X
Innovation

Does your cloud strategy need more management discipline?

Around for more than 15 years, Windward IT Solutions helps business consider and manage cloud services within the context of their entire IT infrastructure.
Written by Heather Clancy, Contributor

Like many other legacy IT solution providers that are adapting proactively to embrace cloud services, Windward IT Solutions underscores its ability to ensure that cloud-provisioned applications and capacity are well integrated into complex IT infrastructures. And, that they are managed accordingly.

"Cloud is just one part of the thing we do," said Sean McDermott, founder and CEO of the company, which is based in Herndon, Va. "We focus on expectations for service."

That requires making sure that cloud-delivered resources adhere to the same service levels and management processes that apply across a company's IT infrastructure. Windward categorizes these into three areas: IT Service Management, aka ITSM (which centers on holistic planning), Infrastructure Management (the whys and wherefores of deployment) and Operations Management (how everything runs in concert once it's in place).

That framework reaches back to Windward's roots in 1997, when it was founded to help companies manage next-generation IP networks. "Like now, people were excited about installing this technology, but most people hadn't thought about how to manage [these networks," McDermott said.

This is apparently resonating with plenty of companies: Windward's service automation and management engagements related to cloud adoption have increased dramatically since 2010 -- by approximately 800 percent year-over year, according to a company announcement from late June.

"IT service management and a developed service-centric IT strategy is arguably one of the most important points of entry to become involved with a company's cloud initiatives, as ITSM will be defining what the cloud means to the company for the future," said Rich Moraski, Windward's director of cloud automation, in a prepared statement. "With so many possible interpretations of 'cloud,' helping steer an organization and providing them with our wide range of real-world deployment experience will provide our clients with the greatest success and long-term benefit."

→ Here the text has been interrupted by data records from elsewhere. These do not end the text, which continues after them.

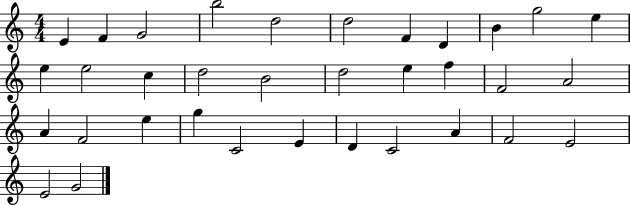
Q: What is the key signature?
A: C major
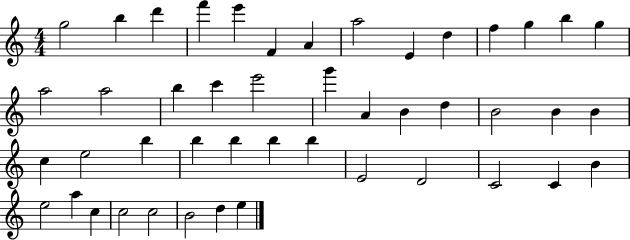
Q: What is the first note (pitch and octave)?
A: G5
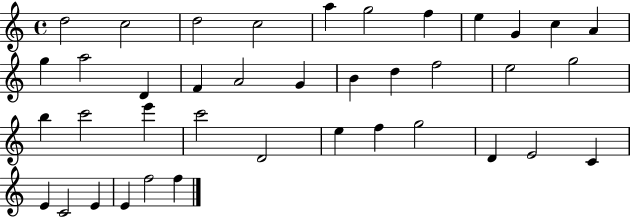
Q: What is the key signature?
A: C major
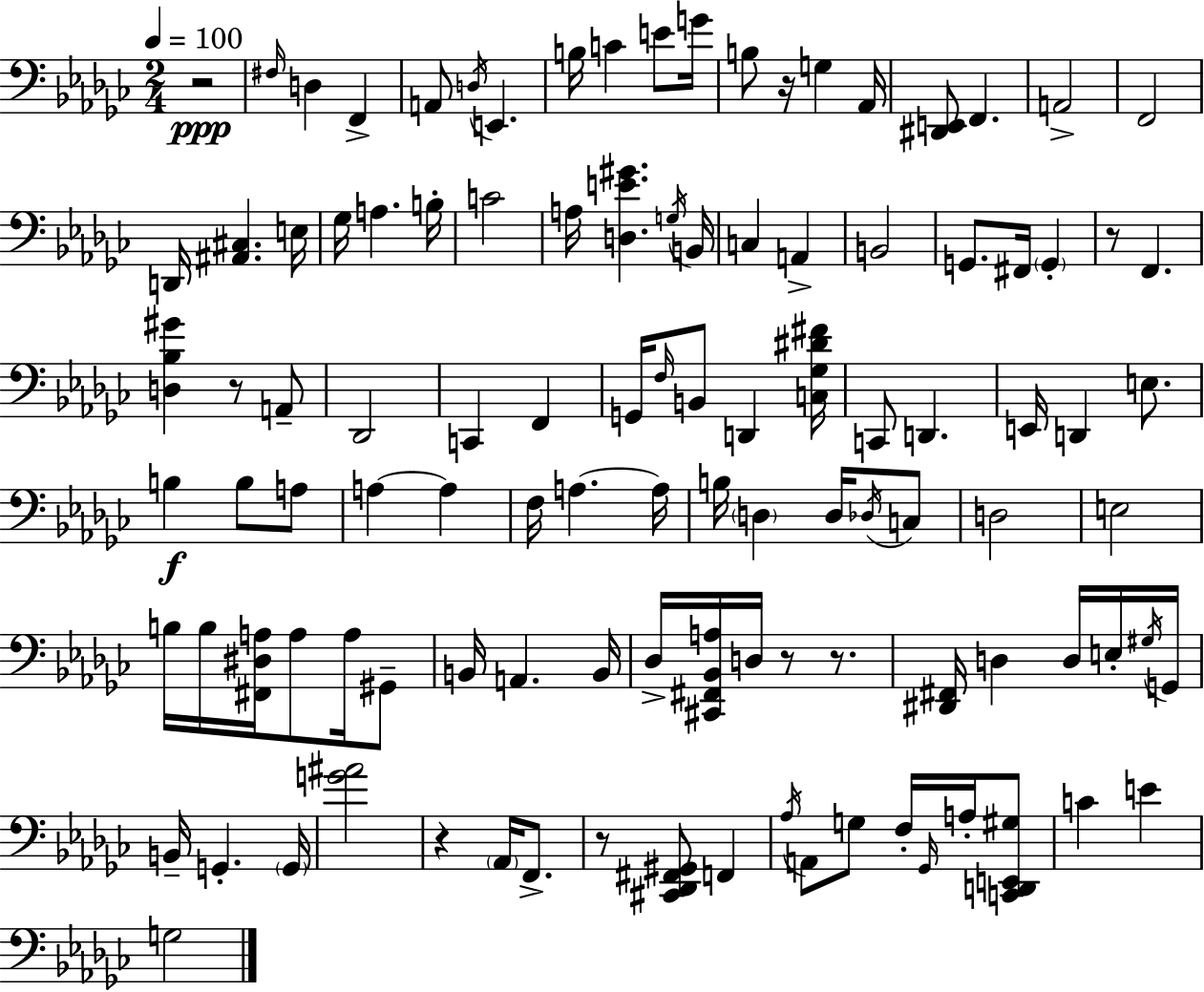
{
  \clef bass
  \numericTimeSignature
  \time 2/4
  \key ees \minor
  \tempo 4 = 100
  r2\ppp | \grace { fis16 } d4 f,4-> | a,8 \acciaccatura { d16 } e,4. | b16 c'4 e'8 | \break g'16 b8 r16 g4 | aes,16 <dis, e,>8 f,4. | a,2-> | f,2 | \break d,16 <ais, cis>4. | e16 ges16 a4. | b16-. c'2 | a16 <d e' gis'>4. | \break \acciaccatura { g16 } b,16 c4 a,4-> | b,2 | g,8. fis,16 \parenthesize g,4-. | r8 f,4. | \break <d bes gis'>4 r8 | a,8-- des,2 | c,4 f,4 | g,16 \grace { f16 } b,8 d,4 | \break <c ges dis' fis'>16 c,8 d,4. | e,16 d,4 | e8. b4\f | b8 a8 a4~~ | \break a4 f16 a4.~~ | a16 b16 \parenthesize d4 | d16 \acciaccatura { des16 } c8 d2 | e2 | \break b16 b16 <fis, dis a>16 | a8 a16 gis,8-- b,16 a,4. | b,16 des16-> <cis, fis, bes, a>16 d16 | r8 r8. <dis, fis,>16 d4 | \break d16 e16-. \acciaccatura { gis16 } g,16 b,16-- g,4.-. | \parenthesize g,16 <g' ais'>2 | r4 | \parenthesize aes,16 f,8.-> r8 | \break <cis, des, fis, gis,>8 f,4 \acciaccatura { aes16 } a,8 | g8 f16-. \grace { ges,16 } a16-. <c, d, e, gis>8 | c'4 e'4 | g2 | \break \bar "|."
}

McDermott views cloud applications as another "tower" of service that will make up the next-generation data center, whether it happens to be delivered in a private deployment or via a public cloud service provider. "Things will become dynamically elastic," he said. "Cloud will be the underlying fabric of all data centers, allowing companies to seamless procure and provision new applications and services far more easily."

The challenge associated with this, he noted, is ensuring that notions of reliabilty and availability are upheld. That can't happen if a cloud initiative is happening in isolation somewhere within a company, without the knowledge of IT operations.

I can't list out all the different management technologies that Windward supports, because the company makes it a point to be as agnostic as possible and it doesn't publicize them on its Web site. Its processes are product-independent, and it adds expertise according to the needs of specific engagements. That said, Windward constantly expands its technology partner ecosystem, McDermott said.